For streaming queries, unlike regular Top-N on continuous tables, Window Top-N doesn’t emit intermediate results, but only a final result, the total Top N records at the end of the window. Moreover, Window Top-N purges all intermediate state when no longer needed, so Window Top-N queries have better performance if you don’t need results updated per record.
Usually, Window Top-N is used with Windowing TVF directly, but Window Top-N can be used with other operations based on Windowing TVF, like Window Aggregation, and Window Join.
You can define Window Top-N with the same syntax as regular Top-N. For more information, see Top-N.

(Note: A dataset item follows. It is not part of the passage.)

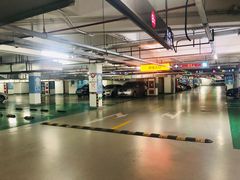 -大融城-停车场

In addition, Window Top-N requires that the PARTITION BY
clause contains
window_start
and window_end
columns of the relation applied by
Windowing TVF or Window Aggregation.
Otherwise, the optimizer can’t translate the query.
Examples¶
The following examples show Window Top-N aggregations over mock data produced by the Datagen Source Connector configured with the Gaming Player Activity quickstart.
Note
To show the behavior of windowing more clearly in the following examples,
TIMESTAMP(3)
values may be simplified so that trailing zeroes aren’t shown.
For example, 2020-04-15 08:05:00.000
may be shown as 2020-04-15 08:05
.
Columns may be hidden intentionally to enhance the readability of the content.

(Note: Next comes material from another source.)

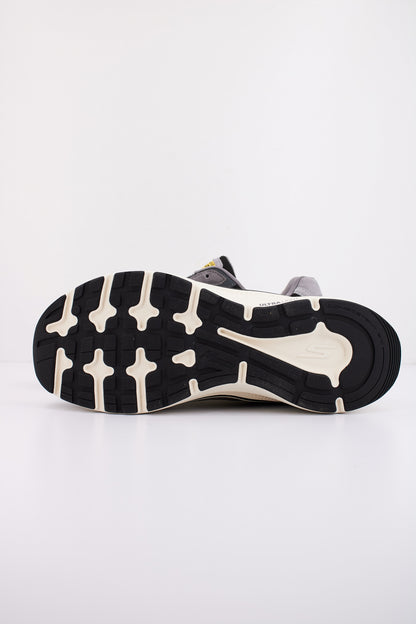 SKECHERS RUN CONSISTENT . en color CCBK  (5)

Window Top-N follows after Window Aggregation¶
The following example shows how to calculate Top 3 players who have the highest points for every tumbling 10 minutes window.

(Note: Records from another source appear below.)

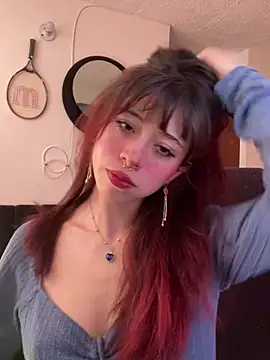 SuzzyyM online show from July 18, 2026, 9:51 pm
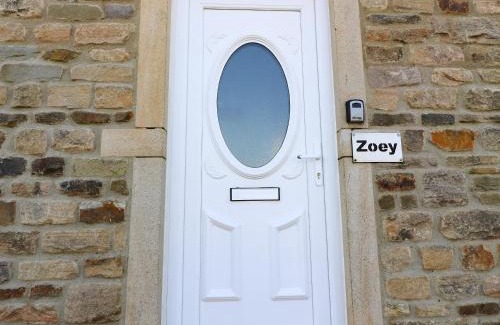 Skipton House | Zoey Cottage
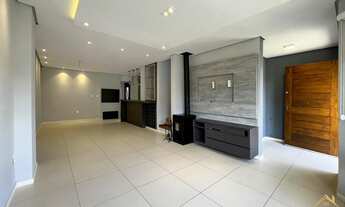 Imagem 5: Sobrado de três dormitórios no bairro Pousada da Neve em Nova Petrópolis RS!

DESCRIBE gaming_player_activity_source;
+--------------+-----------+----------+---------------+
| Column Name | Data Type | Nullable | Extras |
+--------------+-----------+----------+---------------+
| key | BYTES | NULL | PARTITION KEY |
| player_id | INT | NOT NULL | |
| game_room_id | INT | NOT NULL | |
| points | INT | NOT NULL | |
| coordinates | STRING | NOT NULL | |
+--------------+-----------+----------+---------------+
SELECT * FROM gaming_player_activity_source;
player_id game_room_id points coordinates
1051 1144 371 [65,36]
1079 3451 38 [20,71]
1017 4177 419 [63,05]
1092 1801 209 [31,67]
1074 3013 401 [32,69]
1003 1038 284 [18,32]
1081 2265 196 [78,68]
SELECT *
FROM (
SELECT *, ROW_NUMBER() OVER (PARTITION BY window_start, window_end ORDER BY points DESC) as rownum
FROM (
SELECT window_start, window_end, player_id, SUM(points) as points, COUNT(*) as cnt
FROM TABLE(
TUMBLE(TABLE gaming_player_activity_source, DESCRIPTOR($rowtime), INTERVAL '10' MINUTES))
GROUP BY window_start, window_end, player_id
)
) WHERE rownum <= 3;
window_start window_end player_id points cnt rownum
2023-11-02 17:50 2023-11-02 18:00 1078 9313 34 1
2023-11-02 17:50 2023-11-02 18:00 1086 9226 28 2
2023-11-02 17:50 2023-11-02 18:00 1007 8883 32 3
2023-11-02 18:00 2023-11-02 18:10 1079 9162 27 1
2023-11-02 18:00 2023-11-02 18:10 1087 8571 33 2
2023-11-02 18:00 2023-11-02 18:10 1026 8315 30 3
Window Top-N follows after Windowing TVF¶
The following example shows how to calculate Top 3 game rooms which have the highest points for every tumbling 10 minutes window.
SELECT *
FROM (
SELECT $rowtime, points, game_room_id, player_id, window_start, window_end, ROW_NUMBER() OVER (PARTITION BY window_start, window_end ORDER BY points DESC) as rownum
FROM TABLE(
TUMBLE(TABLE gaming_player_activity_source, DESCRIPTOR($rowtime), INTERVAL '10' MINUTES))
) WHERE rownum <= 3;
$rowtime points game_room_id player_id window_start window_end rownum
2023-11-05 19:38:55.592 499 3484 1012 2023-11-05 19:30 2023-11-05 19:40 1
2023-11-05 19:32:25.521 499 4754 1059 2023-11-05 19:30 2023-11-05 19:40 2
2023-11-05 19:32:59.130 499 1334 1002 2023-11-05 19:30 2023-11-05 19:40 3
2023-11-05 19:42:26.568 499 1163 1090 2023-11-05 19:40 2023-11-05 19:50 1
2023-11-05 19:47:07.202 499 2418 1002 2023-11-05 19:40 2023-11-05 19:50 2
2023-11-05 19:42:47.027 499 4881 1019 2023-11-05 19:40 2023-11-05 19:50 3
Limitations¶
- Flink SQL only supports Window Top-N follows after Windowing TVF with TUMBLE, HOP, and CUMULATE windows.
- Window Top-N follows after Windowing TVF with SESSION windows aren’t supported.